Agricultural support policies are often justified on the basis of the strategic imperative of securing the domestic food supply or on the basis of the maintenance of certain public goods such as ecological diversity.  In an increasingly global economy in which environmental effects transcend national borders easily, there are a number of important externalities to consider, as well.  Development of the emerging economies leads to better trade generally, not just in agricultural goods but in manufactured goods, too.  Richer developing countries are less likely to require financial assistance from the developed countries and immigration from the emerging markets to the rich countries can be expected to slow down as the developing countries trade their way to greater wealth.  In the aftermath of the Asian financial crisis, we saw a vicious cycle in which a damaged developing world economy led to a collapse in commodity prices (as these countries flooded world markets in their desperation for hard currency), which in turn led to an even greater perceived requirement for agricultural subsidies in the developed world.  Agricultural policy did not act as a dampening force in this disequilibrium.
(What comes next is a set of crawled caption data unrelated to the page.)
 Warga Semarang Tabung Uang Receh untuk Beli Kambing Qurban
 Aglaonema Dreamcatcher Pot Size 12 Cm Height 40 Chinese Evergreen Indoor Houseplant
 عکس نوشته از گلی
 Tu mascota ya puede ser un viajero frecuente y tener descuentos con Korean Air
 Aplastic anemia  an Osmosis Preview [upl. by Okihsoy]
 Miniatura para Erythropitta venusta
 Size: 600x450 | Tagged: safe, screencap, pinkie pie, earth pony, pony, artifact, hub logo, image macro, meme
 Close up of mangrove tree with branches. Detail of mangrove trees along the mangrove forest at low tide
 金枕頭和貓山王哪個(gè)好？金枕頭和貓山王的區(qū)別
Ecological diversity in different parts of the planet, such as the Amazon forest, has global significance for its impact on the world’s ozone layer and for the potential pharmacological benefits therein.  Distortionary agricultural policy leads to a less responsive domestic producer (in the absence of full competitive forces) and the way in which consumers are indirectly taxed creates a deadweight loss when compared to a straight lump-sum tax on consumers transferred to powerful, domestic farming political interests.  Furthermore, trade serves as a stabilizing geo-political force, reducing the likelihood of war. 

Science Is Being Used Unfairly

When the science is incomplete to answer questions of public safety in what is an emotive subject area, it is easily manipulated.  This is the situation in agriculture today with the introduction of genetically modified foods. Domestic interests can use fear to advocate breaking generally accepted international standards that permit genetically modified foods to be traded freely.  The only certain way to know whether these foods are dangerous is to wait for time to tell.  Effectively, this represents a real option that countries should pay for in order to enjoy.
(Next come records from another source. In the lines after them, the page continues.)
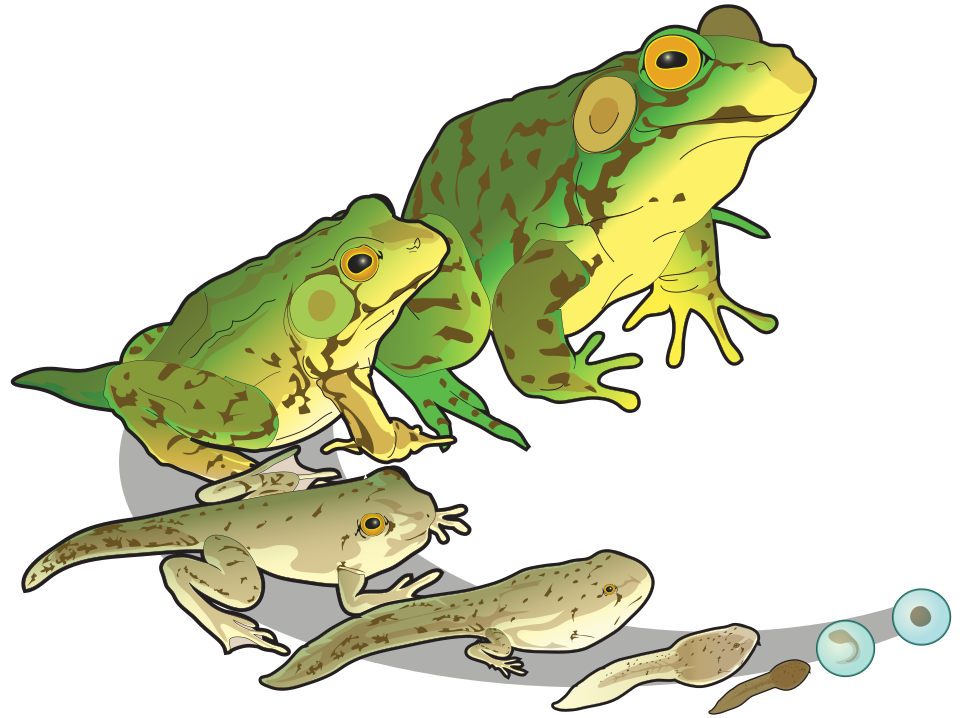 frog life cycle stages**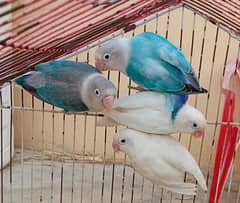 blue opline and albino lotino pasnata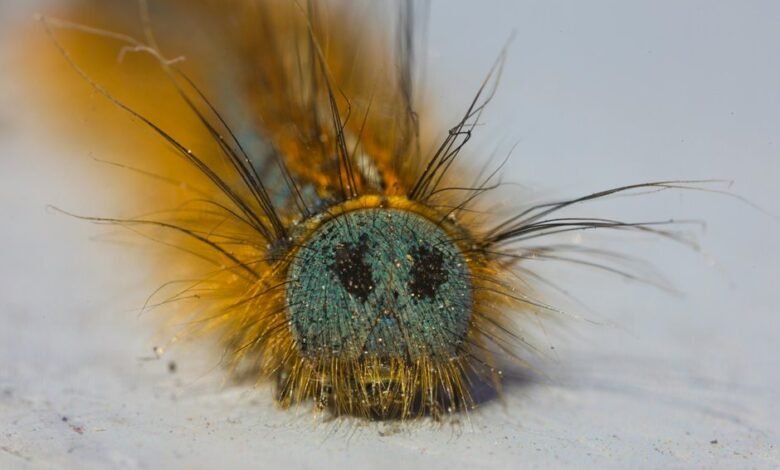 fixing klupzo333 bug errors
A Pareto Efficient Solution Is Possible But Unlikely

If developed countries banded together to legislate the following policies, they could satisfy the needs of their constituents (theoretically) while simultaneously taking a series of steps closer to the accomplishment of the policy objectives set out above.  If agricultural trade was liberalized simultaneously with the introduction of a lump-sum scheme that taxed consumers and paid these monies to farmers in a non-distortionary fashion and if this liberalization was tied to environmental restrictions on deforestation and to requirements for the greater use of technology in agricultural production in the developing countries, the world could be better off in terms of the various externalities identified above.  This would be a welfare enhancing, Pareto efficient method of freeing trade.  Marrying the liberalization of agricultural policy with a global view of environmental policy would also make agricultural reform more domestically palatable, particularly in Europe, while assuaging the sentiment of the emerging markets.



[1] “A Not-So-Perfect Market,” The Economist, March 23, 2000.

[2] The Economist, op. cit.

[3] Ferrantino, Michael J., “International Trade, Environmental Quality and Public Policy,” in International Economics and International Economic Policy: A Reader, 3rd Edition, Philip King ed., McGraw-Hill,2000.